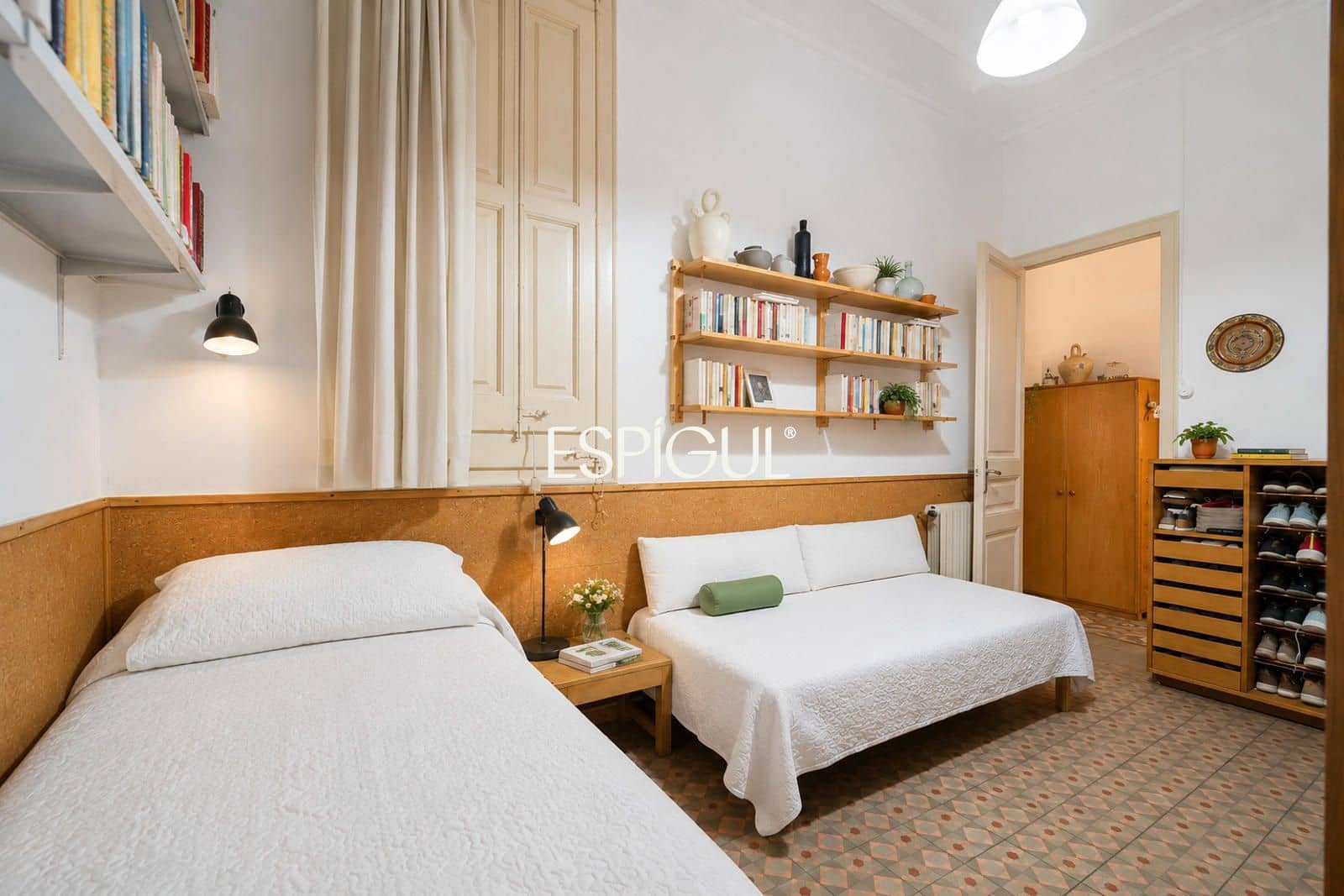 4 bedroom Flat for sale in Barcelona city - € 800,000 (Ref: 10016433)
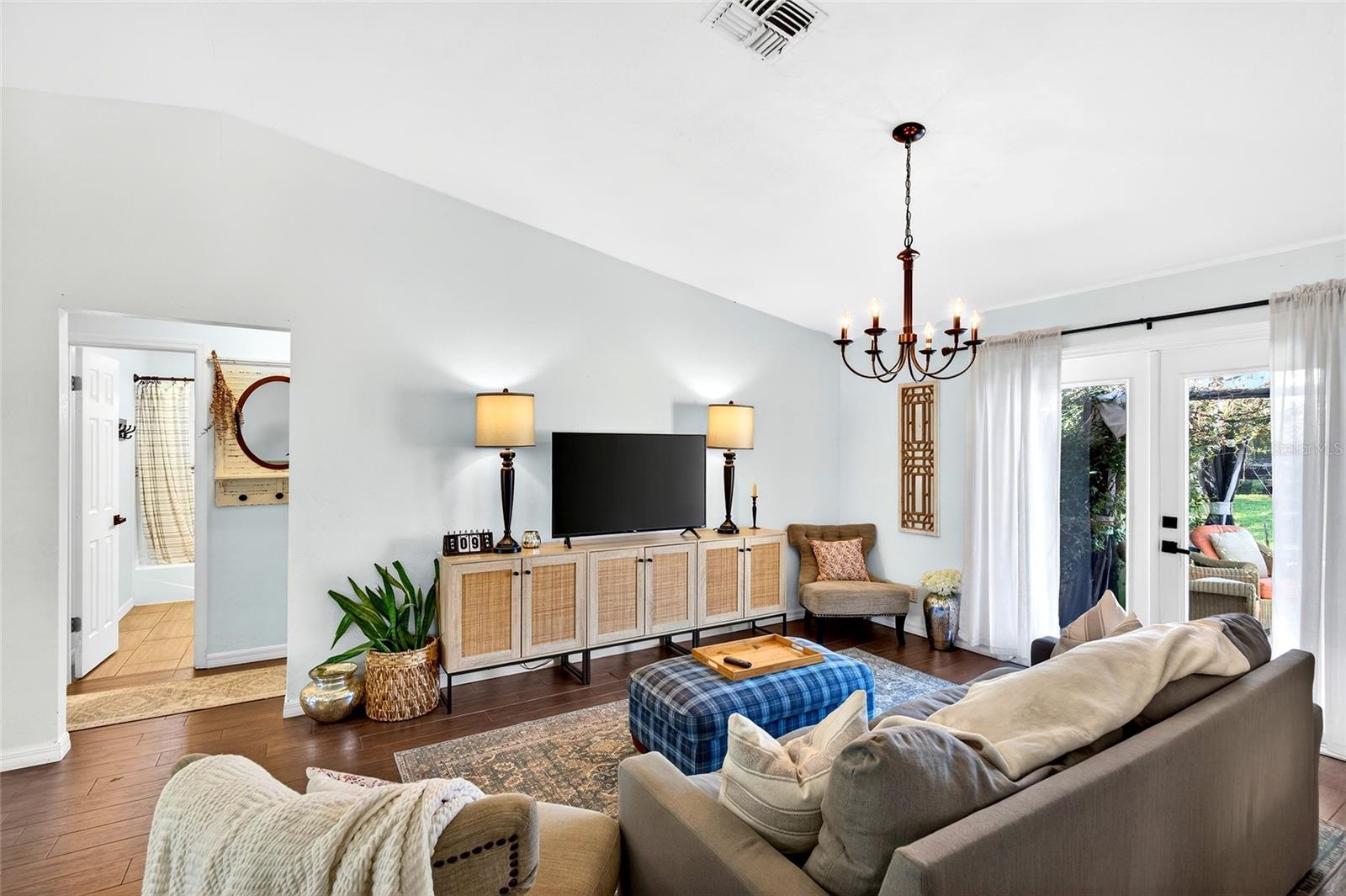 Image 15 of 43 For 4390 2nd Court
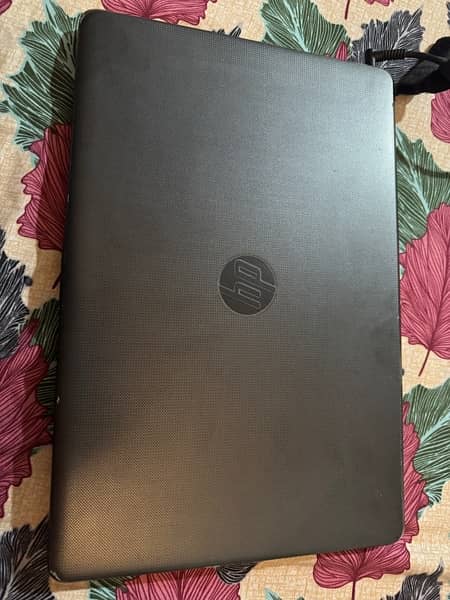 HP 15 RA0xx laptop like new 15.4 display used 2 months only 2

□ □ □

**EXERCISE DETAILS:** Could the listing above be printed again in full, with every picture omitted?

**THE ANSWER:**
 4 bedroom Flat for sale in Barcelona city - € 800,000 (Ref: 10016433)
 Image 15 of 43 For 4390 2nd Court
 HP 15 RA0xx laptop like new 15.4 display used 2 months only 2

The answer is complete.